▸ Instructions to follow: From the line that contains "May include: A" down to the final line below, please repeat each line exactly and nothing more, with no pictures.

▸ Records for the task:
□ □ □ □
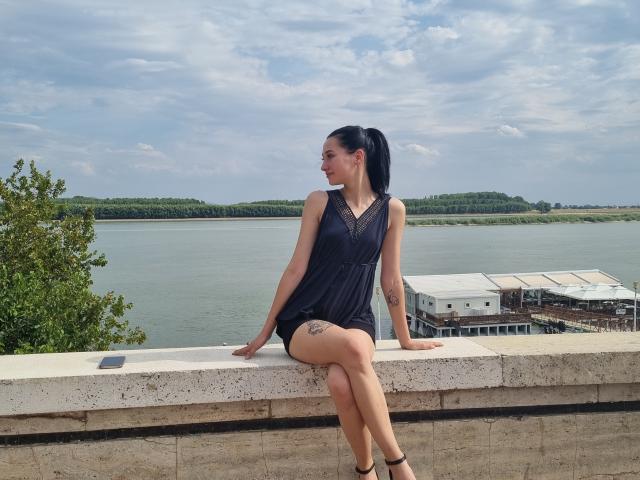 RoxxanneBoby, avec une queue de cheval foncée, une robe noire sans manches et des talons noirs, assise sur une corniche en pierre, les jambes croisées, avec un tatouage. Sur la cuisse droite, regardant vers la gauche, un lac et des bateaux en arrière-plan..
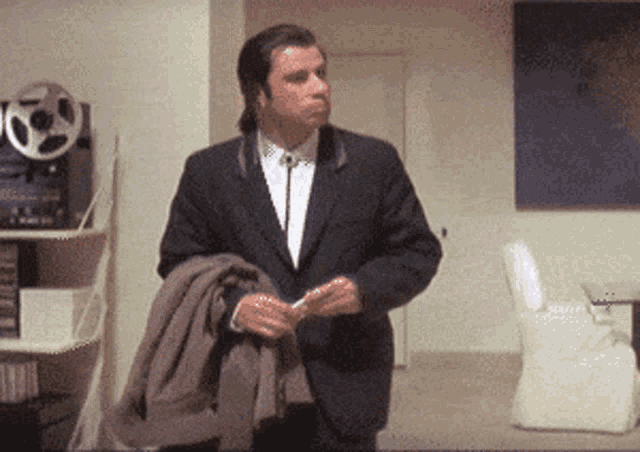 "Confused John Travolta looking for something"
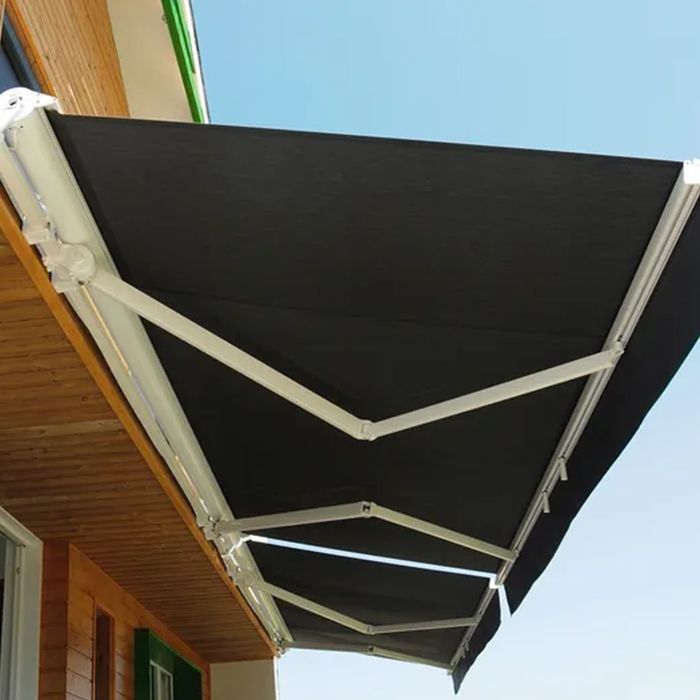 A black and white awning on the side of a building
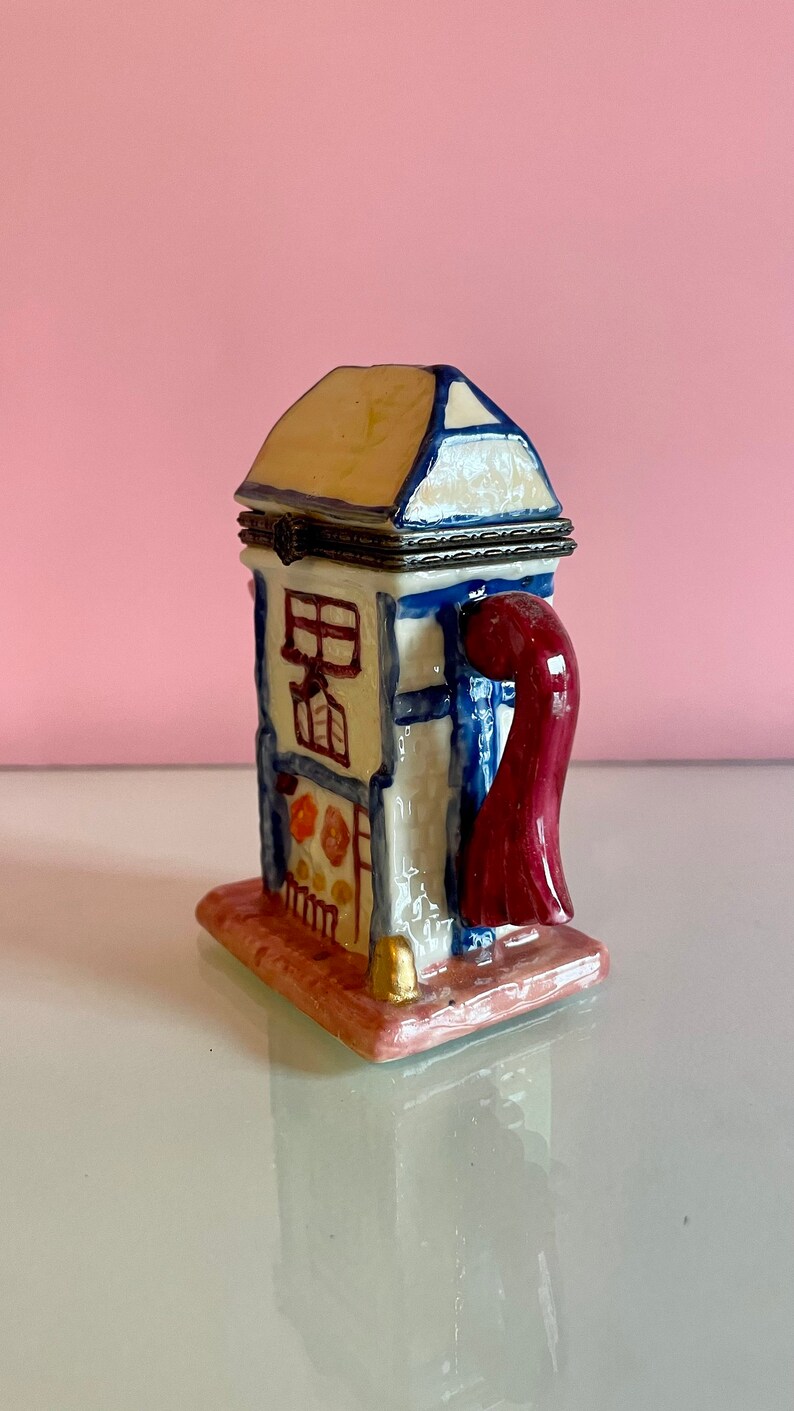 May include: A ceramic trinket box shaped like a small house with a red chimney and a blue door. The house is painted with white and yellow accents and has a small window. The box is sitting on a pink base.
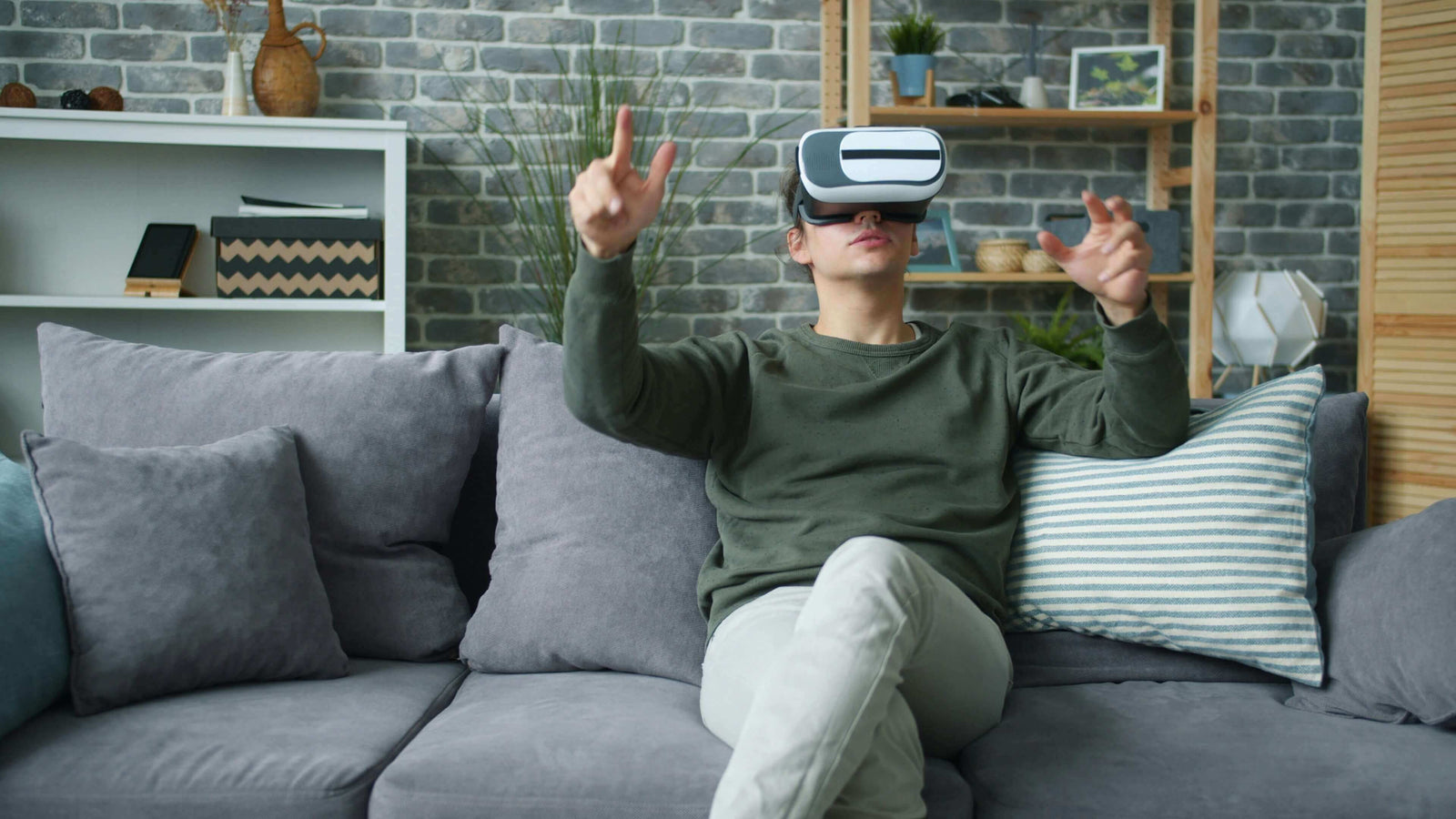 Person using a VR headset on a couch in a living room setting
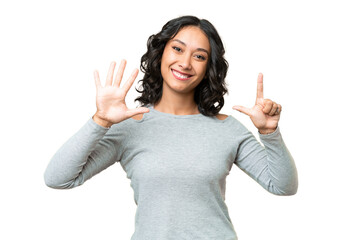 Young Argentinian woman over isolated background counting seven with fingers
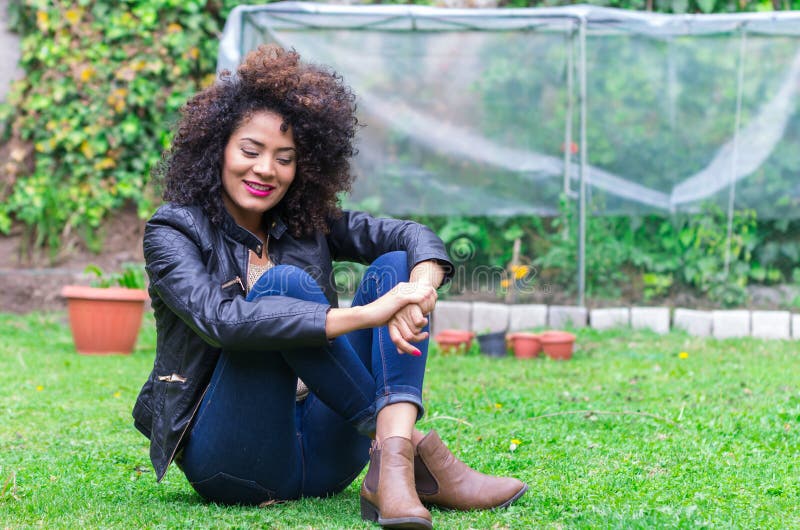 Exotic beautiful young girl relaxing in the garden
□ □ □ □
▸ Written solution:
 May include: A ceramic trinket box shaped like a small house with a red chimney and a blue door. The house is painted with white and yellow accents and has a small window. The box is sitting on a pink base.
 Person using a VR headset on a couch in a living room setting
 Young Argentinian woman over isolated background counting seven with fingers
 Exotic beautiful young girl relaxing in the garden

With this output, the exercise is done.